------ THE DATA ------

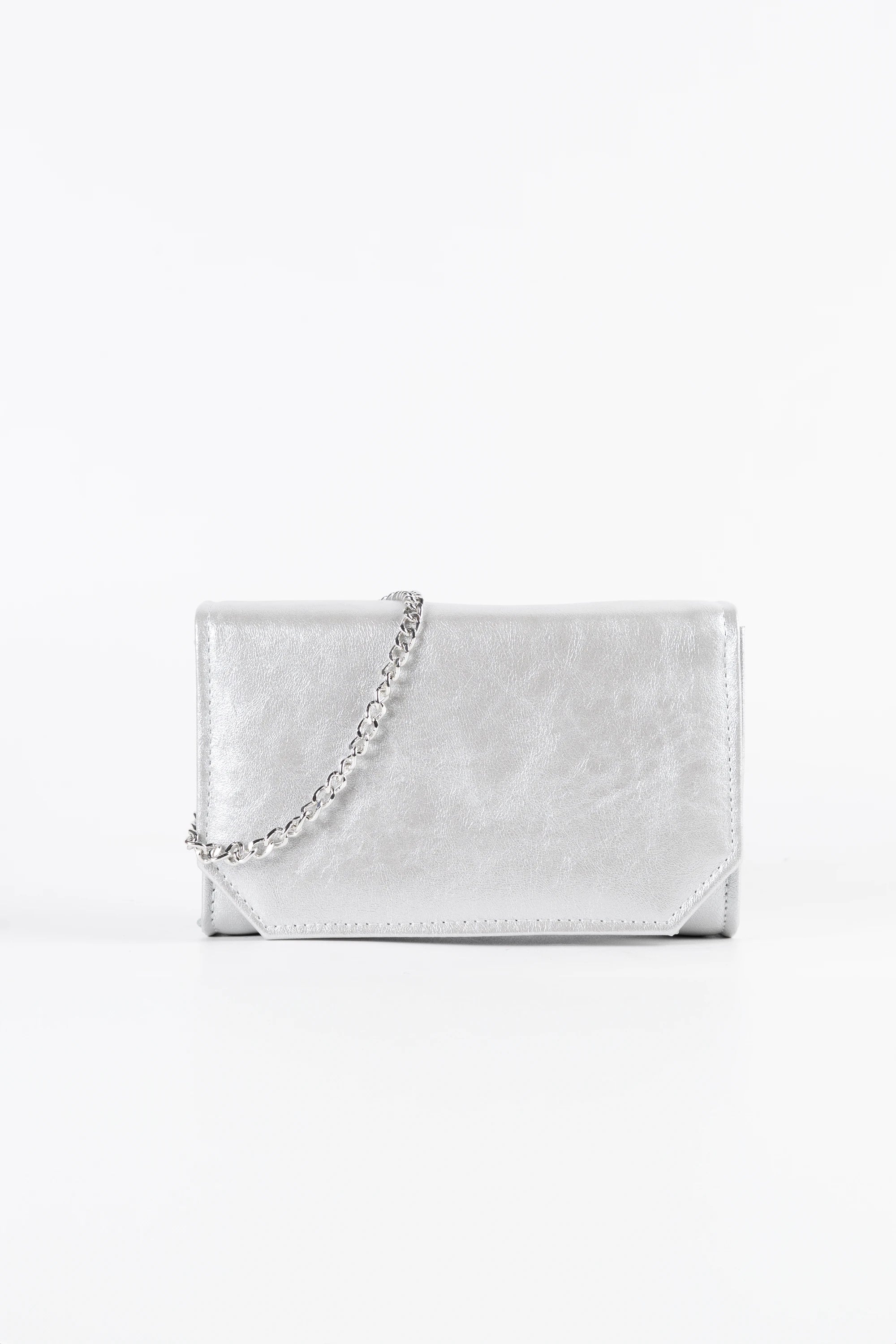 Diva Silver Vegan Leather Chain Clutch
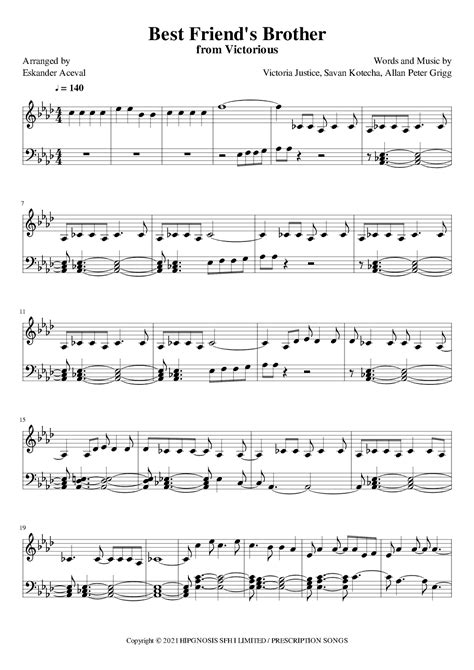 Best Friend S Brother (arr. Eskander Aceval) Sheet Music | Victoria Justice & Victorious Cast ...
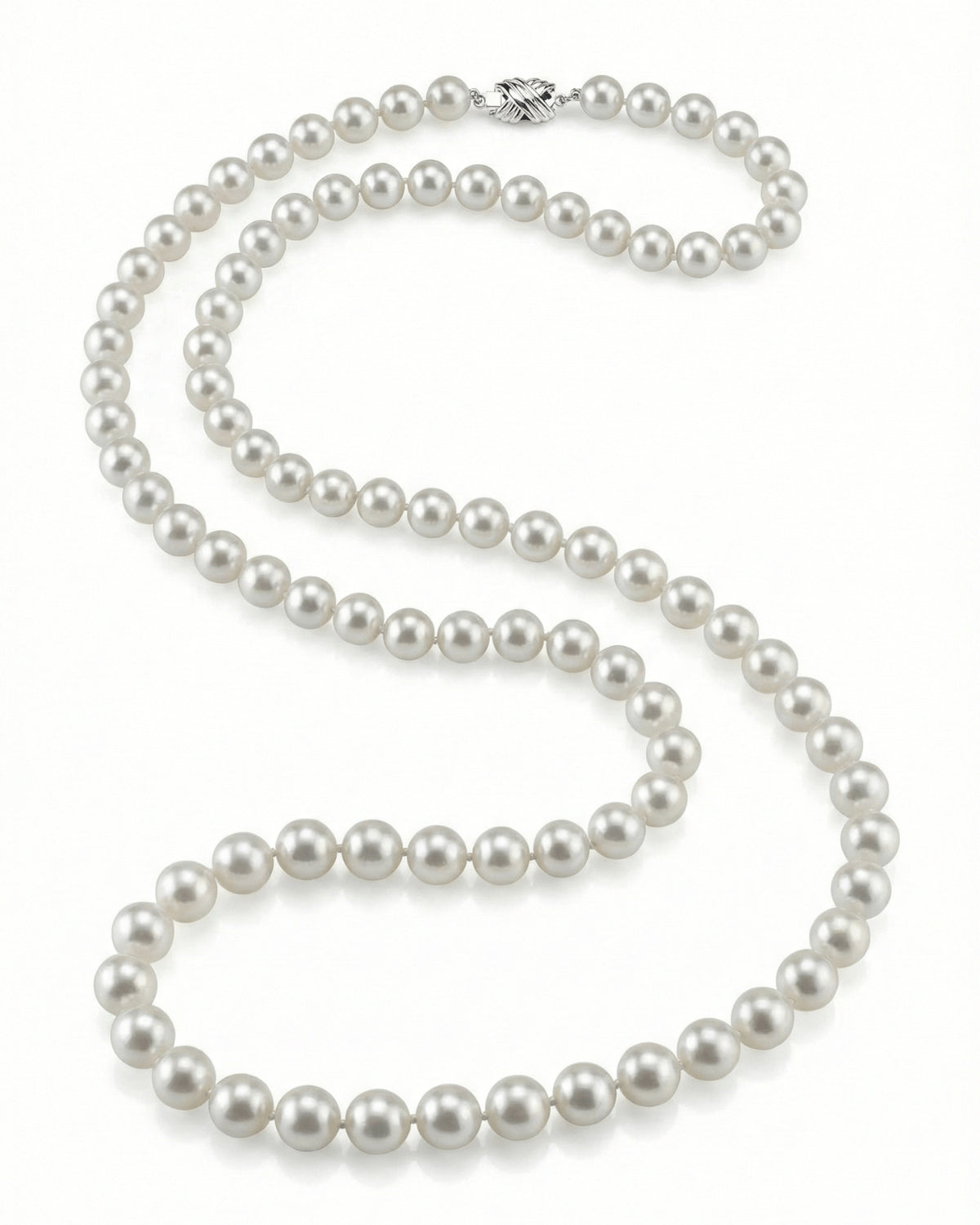 White Japanese Akoya Opera Length Pearl Necklace, 8.5-9.0mm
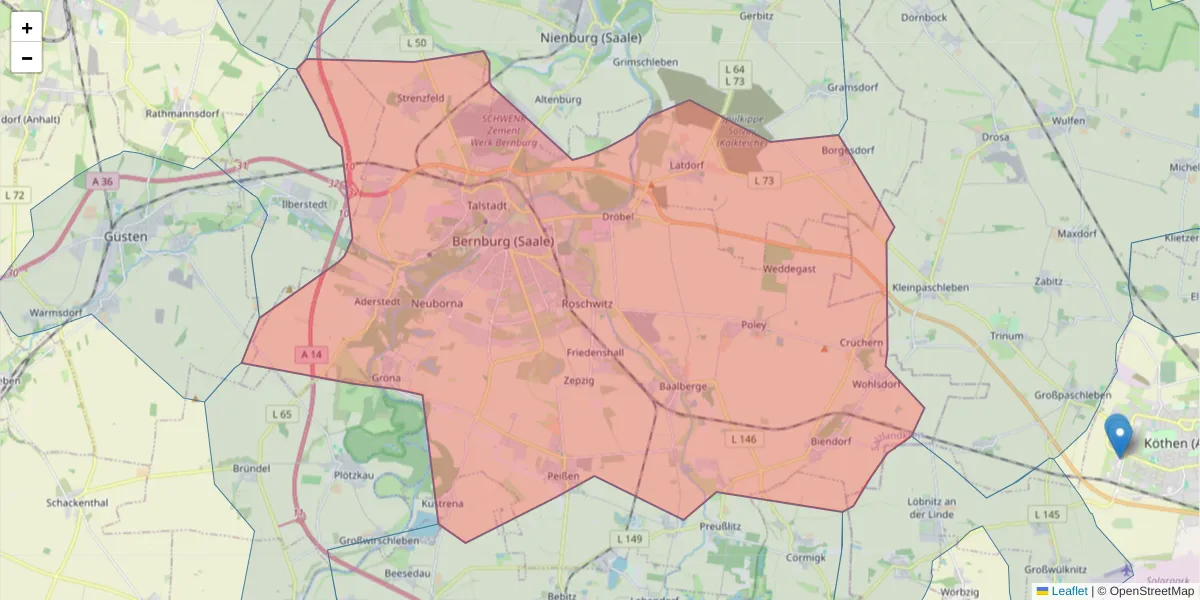 Karte des Postleitzahlen Bereichs  und der umliegenden Postleitzahlen in Deutschland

------

WORK INSTRUCTIONS:
In your copy, leave out the pictures and reproduce the material above exactly.

ANSWER SECTION:
 Diva Silver Vegan Leather Chain Clutch
 Best Friend S Brother (arr. Eskander Aceval) Sheet Music | Victoria Justice & Victorious Cast ...
 White Japanese Akoya Opera Length Pearl Necklace, 8.5-9.0mm
 Karte des Postleitzahlen Bereichs  und der umliegenden Postleitzahlen in Deutschland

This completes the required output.